The USDA and Recombinetics should have known that, Hanson says.  

The situation led to all gene-edited animals being classified and regulated as drugs, and subject to FDA oversight, as President Barack Obama was leaving office in January 2017.

“Recombinetics was saying that they had checked everything out and they hadn’t,” Hanson says. “And the FDA scientists kind of went over the heads of their bosses and did the research that demonstrated that this was a transgenetic animal, not just an ordinary hornless cow.”

That’s why Hanson and others within the natural food industry point to the Recombinetics scenario as a wake-up call and dire warning if regulatory oversight is moved from the FDA to the USDA.

In a Feb. 26 letter to the USDA, Hanson and William Freese, a senior scientist for the Center for Food Safety, say the USDA should have known that gene editing techniques, such as use of engineered nucleases, cause off-target mutations.
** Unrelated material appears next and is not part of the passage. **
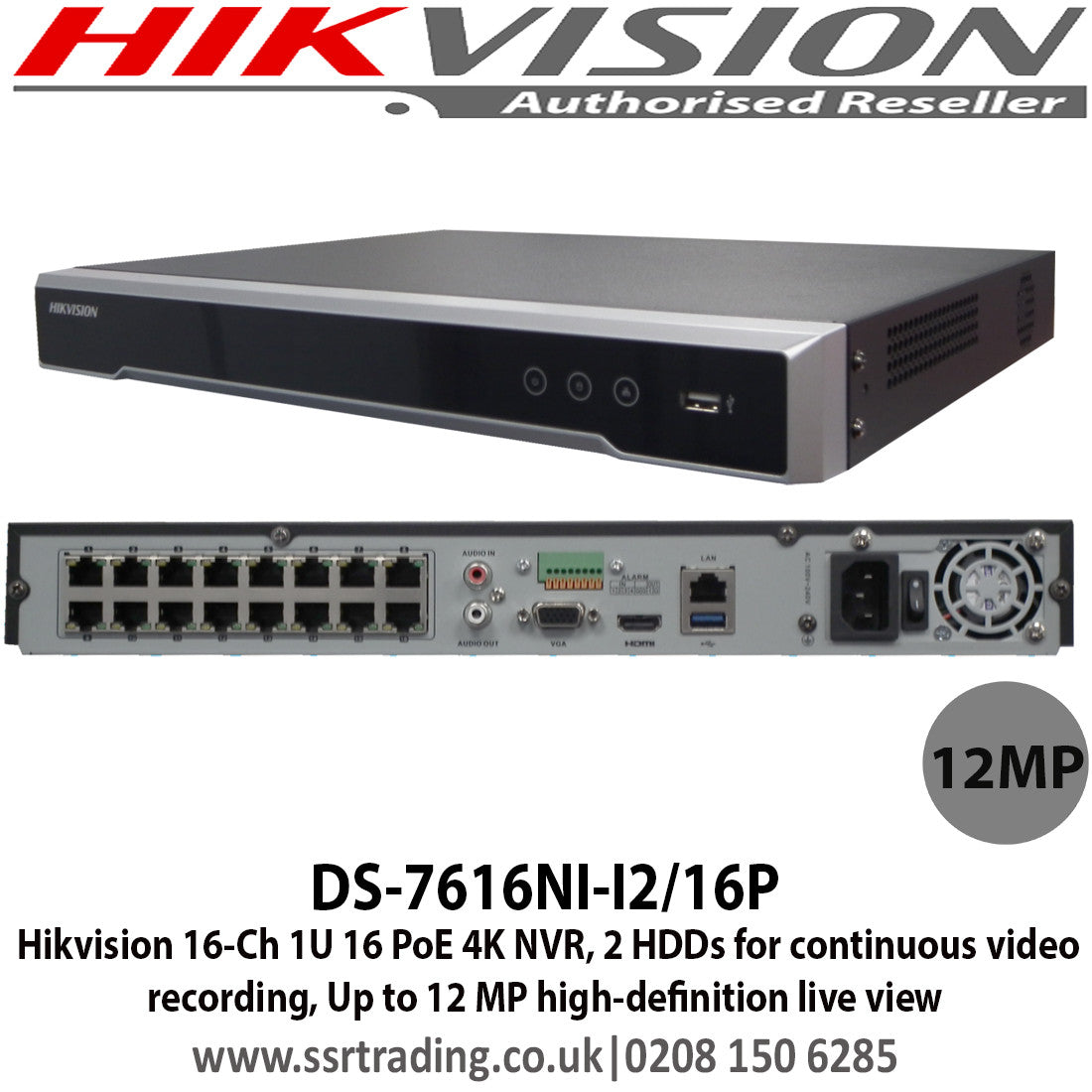 DS-7616NI-I2 NVR 16CH 4K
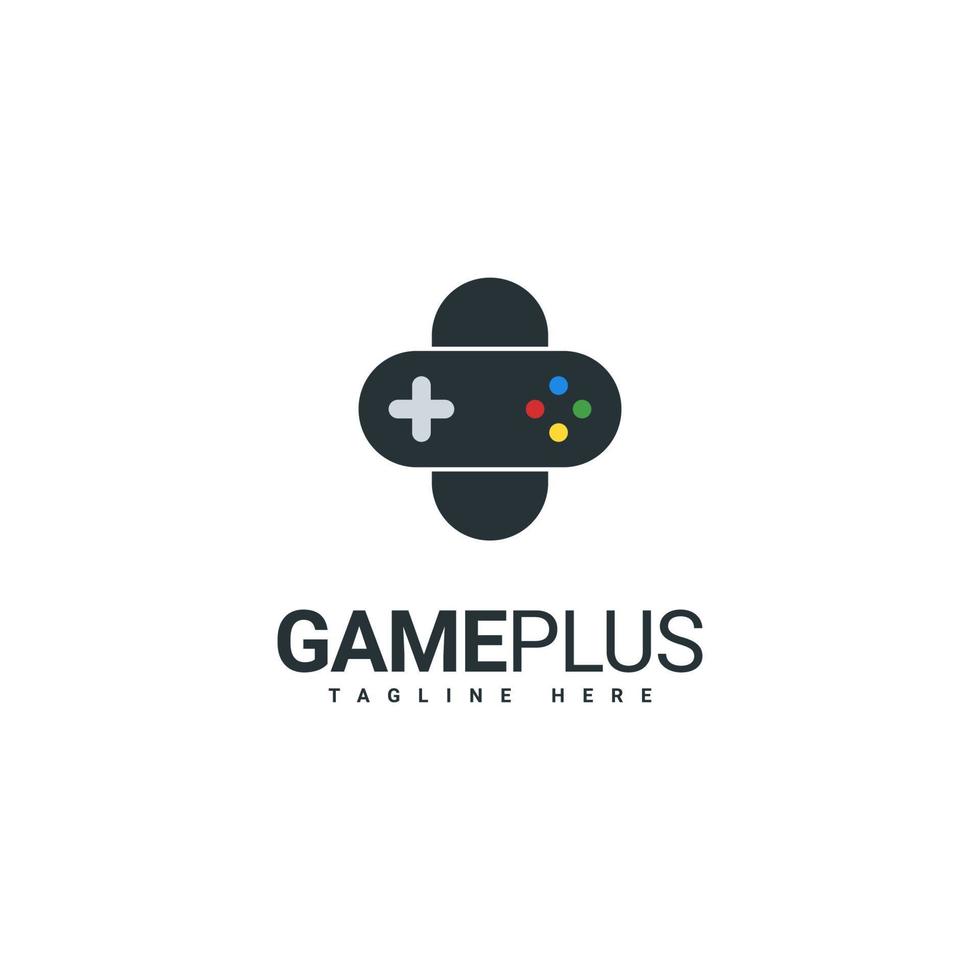 Game-Logo-Konzeptdesign, Joystick-Icon-Kombination und Pluszeichen vektor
They say the USDA’s track record in this area, “speaks against investing it with regulatory authority over genetically engineered animals and fish.” The letter cites the Department’s Animal and Plant Health Inspection Service (APHIS) “declined to develop extensive regulations to oversee genetically engineered animals and developed only limited protocols to govern scientists’ research on genetically engineered animals and insects, despite explicit recommendations from the USDA Inspector General to develop regulations.”

Hanson says the pending decision on who will regulate what genetic modifications are or aren’t regulated and what safety review process needs to be included could have a profound impact on the food system within the U.S.

“We all have a fundamental right to at least know what is in our food,” Eisenbeis says. “And if we want to avoid GMOs, we want to know if they are in there or not. Otherwise it’s not up to us. It’s up to the companies and we have no idea what we’re buying and putting on the table in front of kids.”